Le vi sonreír y llevar las manos a su cintura, se mordió los labios, riendo en voz alta , arregló su cabello rápidamente y de rrepente adoptó la seriedad de una modelo sin quitarme la mirada, contoneando las caderas a cada paso, giró 180 grados para detenerse frente a mi dándome la espalda y en un rápido movimiento bajó su pantalón por sí mismo mostrándome una espectacular vista de su trasero y el encaje negro que le adornaba

Era una belleza, de pies a cabeza, definitivamente modelar era su trabajo. lo hacia con la maestria envidiable, hipnotizando a quien le viera, llevé mi manos al bulto de mi boxer pues ya comenzaba a dolerme la erección.

Y ella lo comprendió.

Se sentó en mi regazo a ahorcadas, frotándose contra mi de manera tortuosa en un vaivén que nos hizo gemir a la par sin evitarnos la mirada, segunos despues un beso salvaje comenzó entre ambos.

Gruñí de inmediato sintiendo su cuerpo arder contra el mío, llevé mis manos a su espalda mientras, gracias a la cercanía, besaba y lamía su cuello a expensas de no poder marcarla.

Agarré su cintura tan solo para alzarla y dejarla postrada en la cama boca arriba.

Con sus mejillas rojas, y respirando grandes bocanadas de aire.

—Karasu-kun... hazlo —

—aún no, princesa, te dije que te ibas a encargar de lo que estás provocando —comenté, sonriendo altaneramente. Esa era la ocasión que necesitaba.

Me acerqué a su vientre contorneando con mi lengua sus finas líneas.

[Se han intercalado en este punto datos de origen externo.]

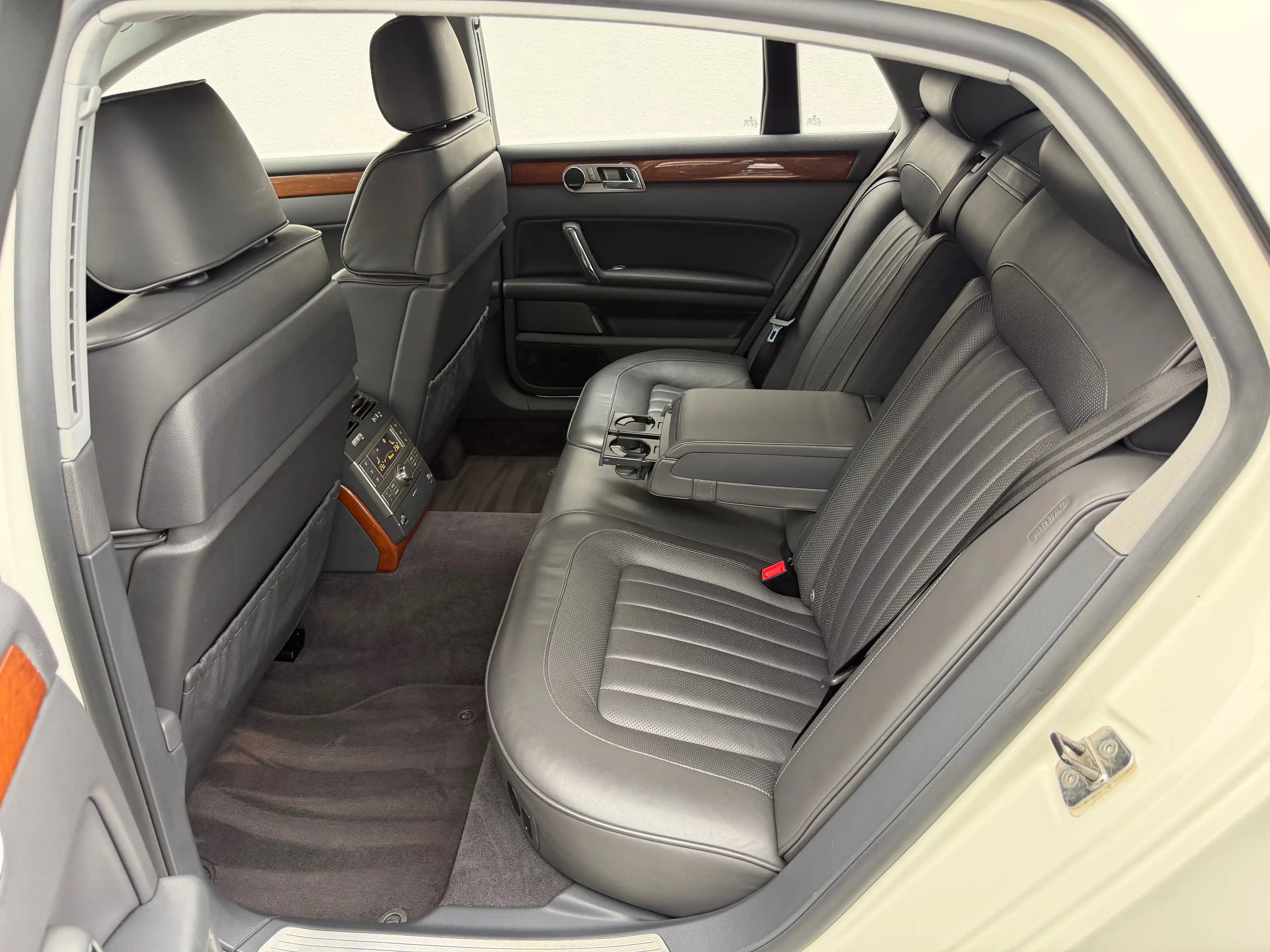 Volkswagen Phaeton V6 TDI 5-Sitzer 4Motion AHK*Dynaudio*R-Cam*Standh — photo 15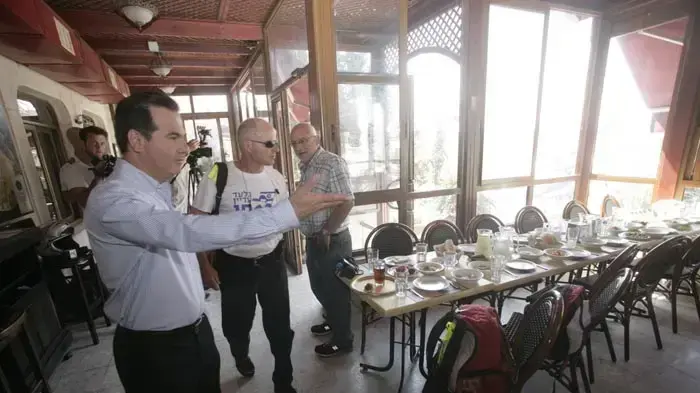 יומה ה-12 של צעדת משפחת שליט- צועדים באבו גוש יולי 2010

Le sentí temblar comprobando de buena manera que ese era su punto débil.

—Karasu-kun... Haa~ —

Sin detenerme en las caricias bajé su prenda inferior desasiéndome del pequeño trozo de tela.

—¿sabes lo que me gusta, verdad? —dijo, abriendo las piernas mientras se tocaba lascivamente

¿Cómo no iba a saberlo? Si había dedicado la primera vez en adorar su cuerpo, analizando cada reacción, el cuerpo humano era sorprendente pero el de ella, apagaba su cerebro, le hacía reaccionar por instinto olvidándose por completo de quien era y que hacía ahí.

Agarré sus manos con mi mano zurda llevándolas por encima de su cabeza, inmovilizándola y aprovechando para acercarme a su rostro.

—lo sé bien, pero no tienes permitido usar las manos —declaré

—¿... vas a jugar así? —

—ni gemir —advertí de nuevo de manera seria. Acaricié sus muslos interno lentamente, separando los labios superiores, estaba mojada, preparada para mi, pero debía de hacerle pagar, porque le estaba provocando y no se lo perdonaría.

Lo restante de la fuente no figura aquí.